--- Data for this exercise ---
'''
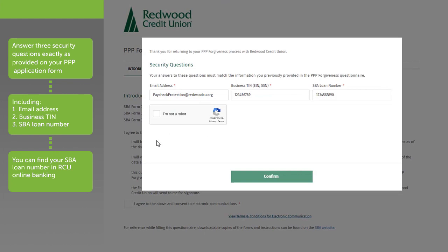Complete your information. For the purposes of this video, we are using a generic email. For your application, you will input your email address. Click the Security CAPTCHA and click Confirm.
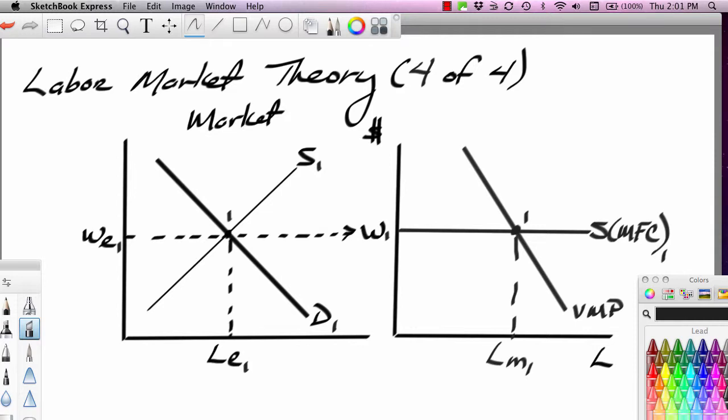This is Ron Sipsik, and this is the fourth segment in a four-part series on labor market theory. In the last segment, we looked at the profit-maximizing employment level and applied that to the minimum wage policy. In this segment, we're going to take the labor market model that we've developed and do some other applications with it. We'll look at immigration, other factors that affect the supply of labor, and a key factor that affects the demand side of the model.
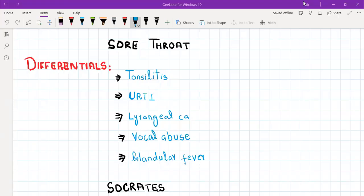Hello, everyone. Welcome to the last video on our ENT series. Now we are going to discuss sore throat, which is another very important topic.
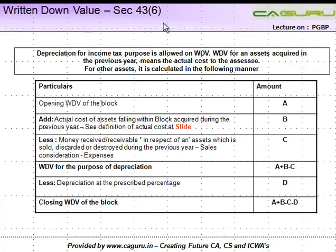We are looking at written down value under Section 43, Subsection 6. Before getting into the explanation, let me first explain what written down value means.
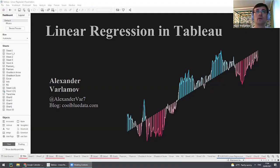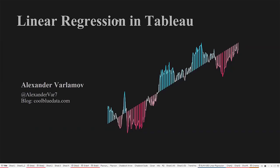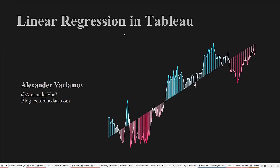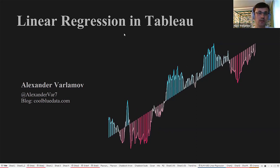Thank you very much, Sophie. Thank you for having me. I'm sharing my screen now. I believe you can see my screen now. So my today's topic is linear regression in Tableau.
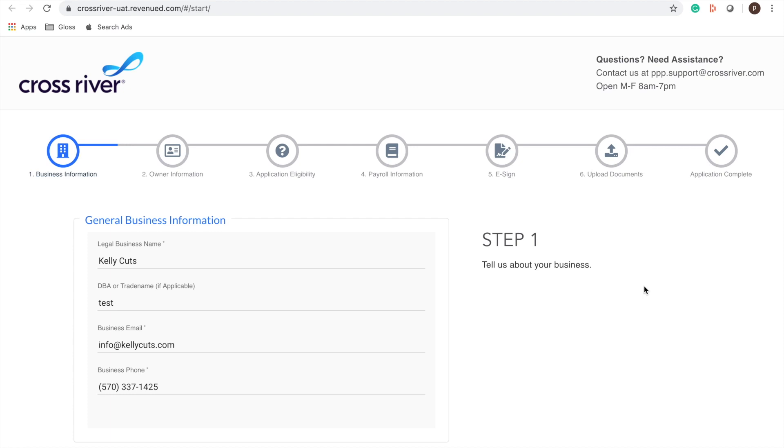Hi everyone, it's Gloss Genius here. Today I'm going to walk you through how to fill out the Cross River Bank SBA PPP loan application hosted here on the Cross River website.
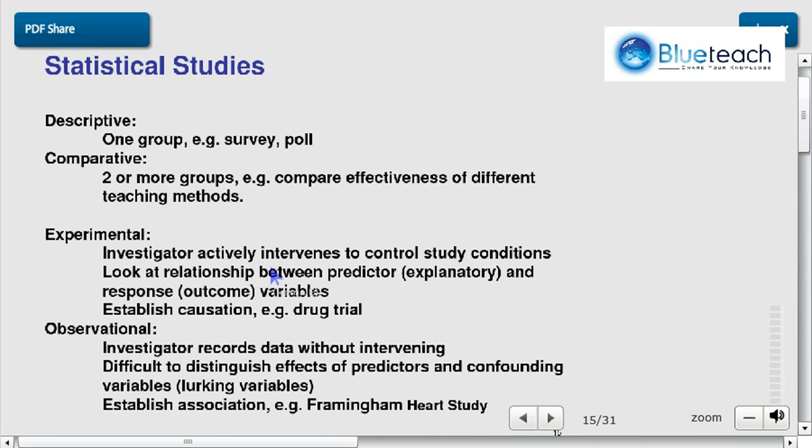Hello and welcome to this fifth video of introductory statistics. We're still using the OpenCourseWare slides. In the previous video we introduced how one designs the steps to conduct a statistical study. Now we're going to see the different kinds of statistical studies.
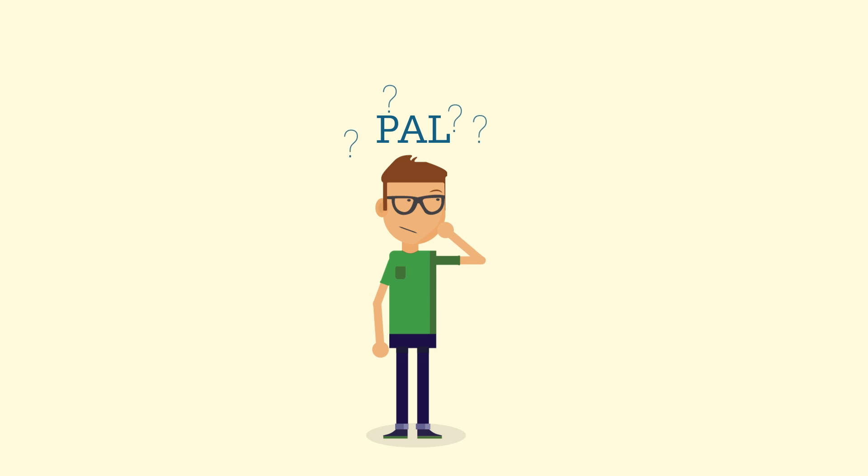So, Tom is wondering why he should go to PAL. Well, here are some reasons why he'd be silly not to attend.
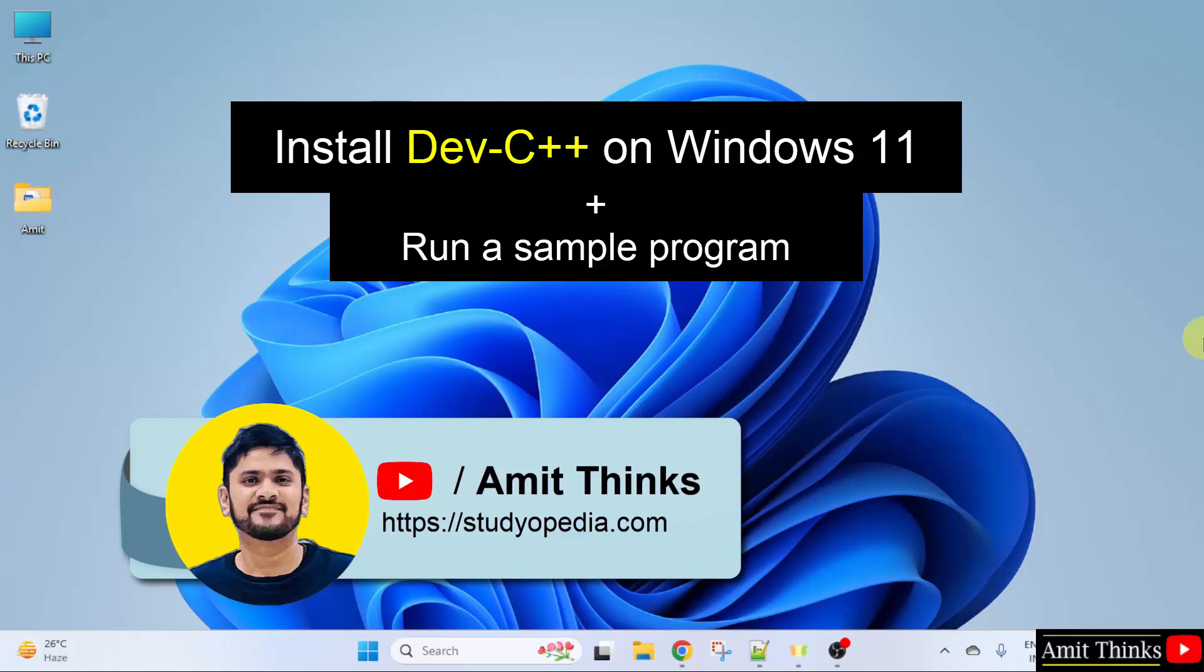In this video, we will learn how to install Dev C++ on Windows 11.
'''
'''
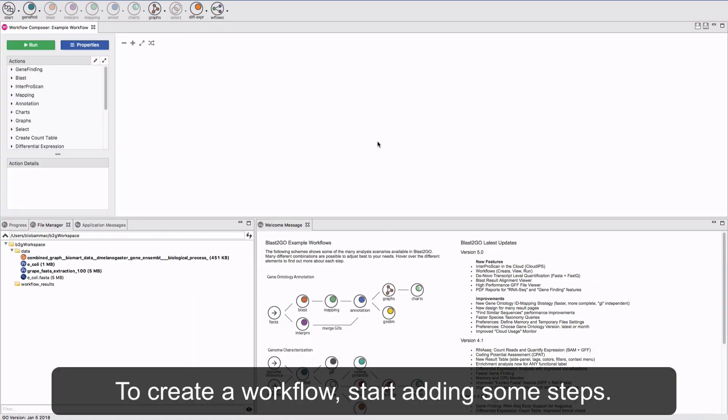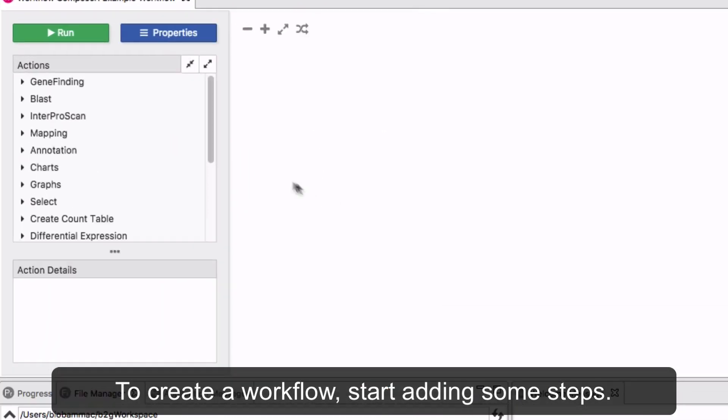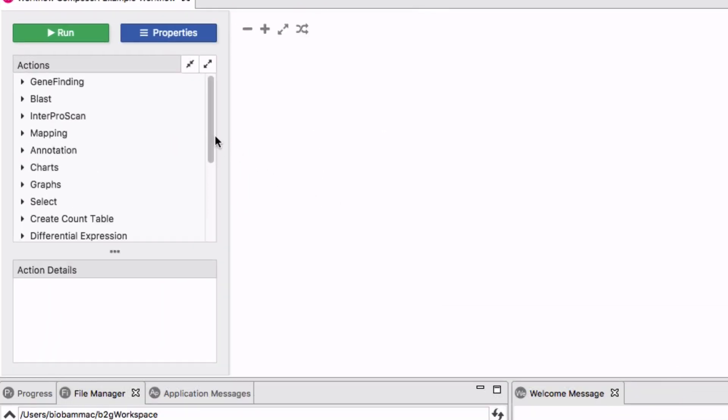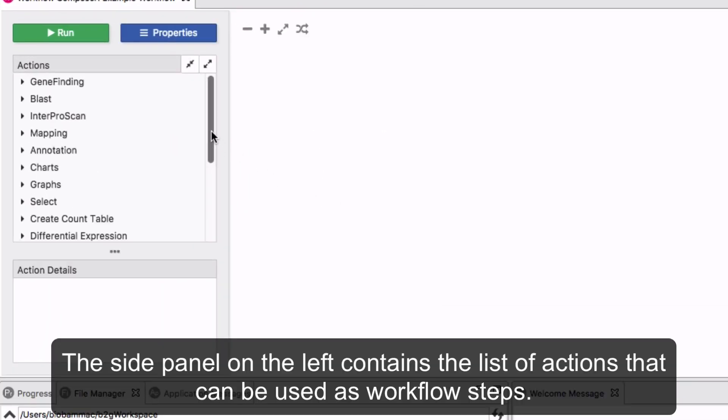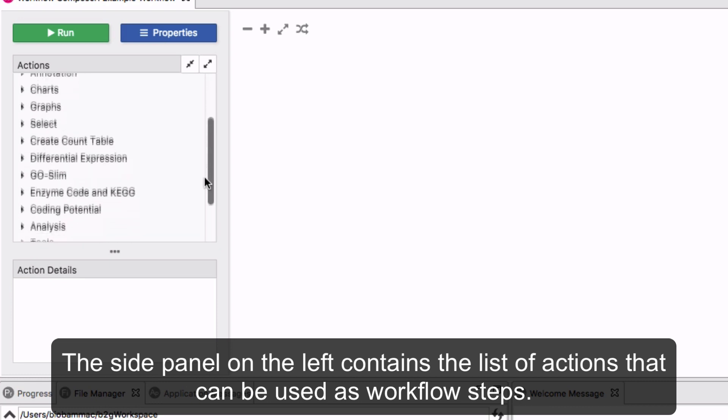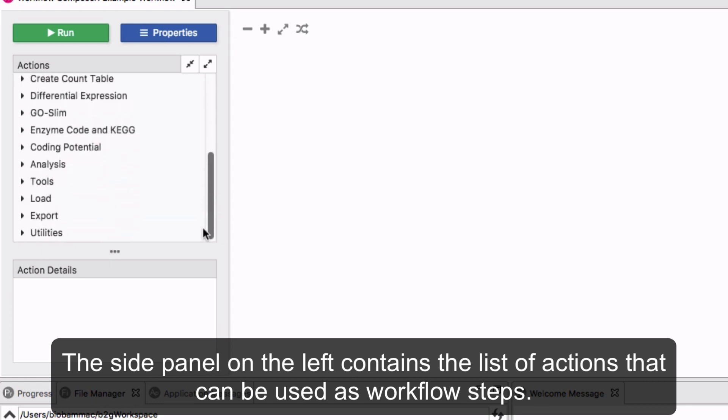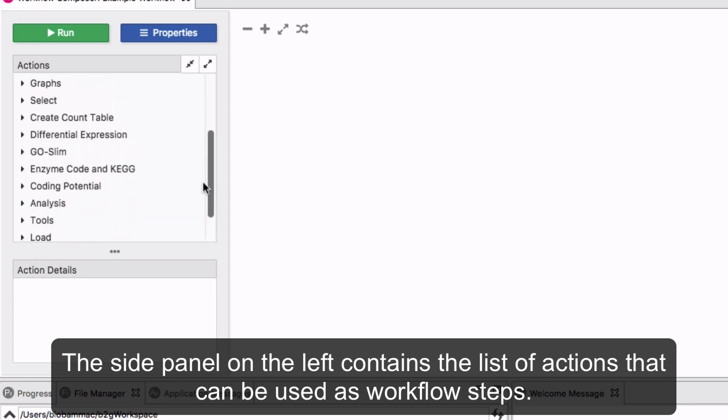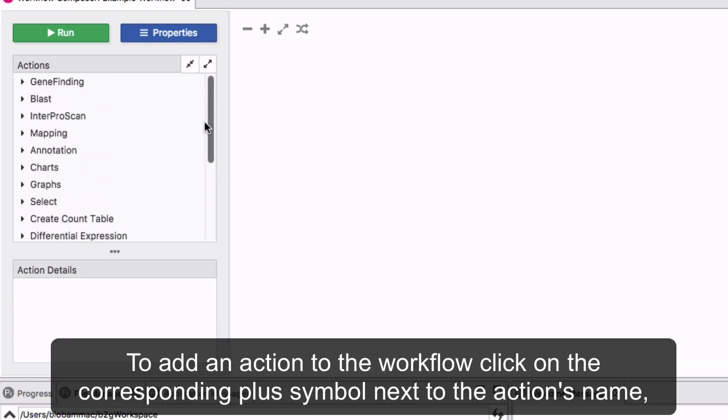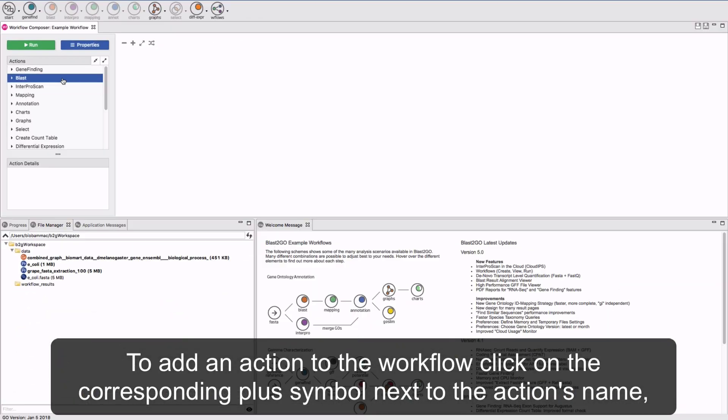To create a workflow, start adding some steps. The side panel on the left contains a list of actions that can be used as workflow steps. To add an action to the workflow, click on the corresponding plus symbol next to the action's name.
'''
'''
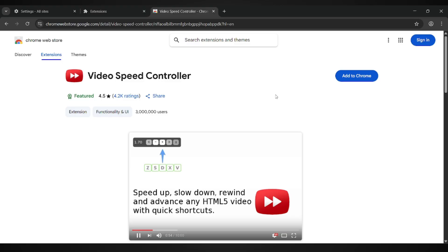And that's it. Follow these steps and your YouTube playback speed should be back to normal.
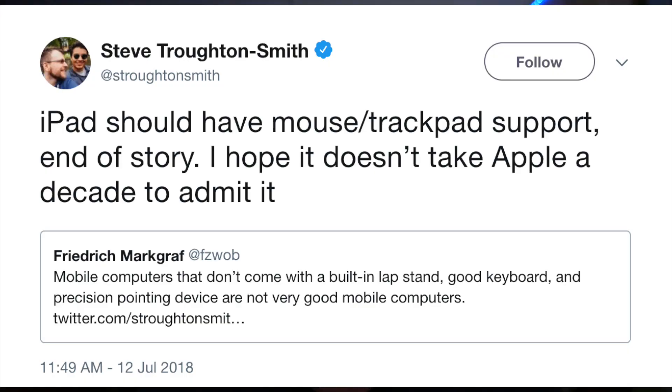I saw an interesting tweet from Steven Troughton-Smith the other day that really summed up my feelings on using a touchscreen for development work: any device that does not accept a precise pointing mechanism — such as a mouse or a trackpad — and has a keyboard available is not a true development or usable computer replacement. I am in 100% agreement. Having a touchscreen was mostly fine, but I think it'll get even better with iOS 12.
'''
--- Work task ---
Above are the records. Copy word for word only their lines from the one holding "Hello, everyone. Welcome" through the one holding "We are looking", both included, and skip the images.

--- Result of this task ---
Hello, everyone. Welcome to the last video on our ENT series. Now we are going to discuss sore throat, which is another very important topic.
We are looking at written down value under Section 43, Subsection 6. Before getting into the explanation, let me first explain what written down value means.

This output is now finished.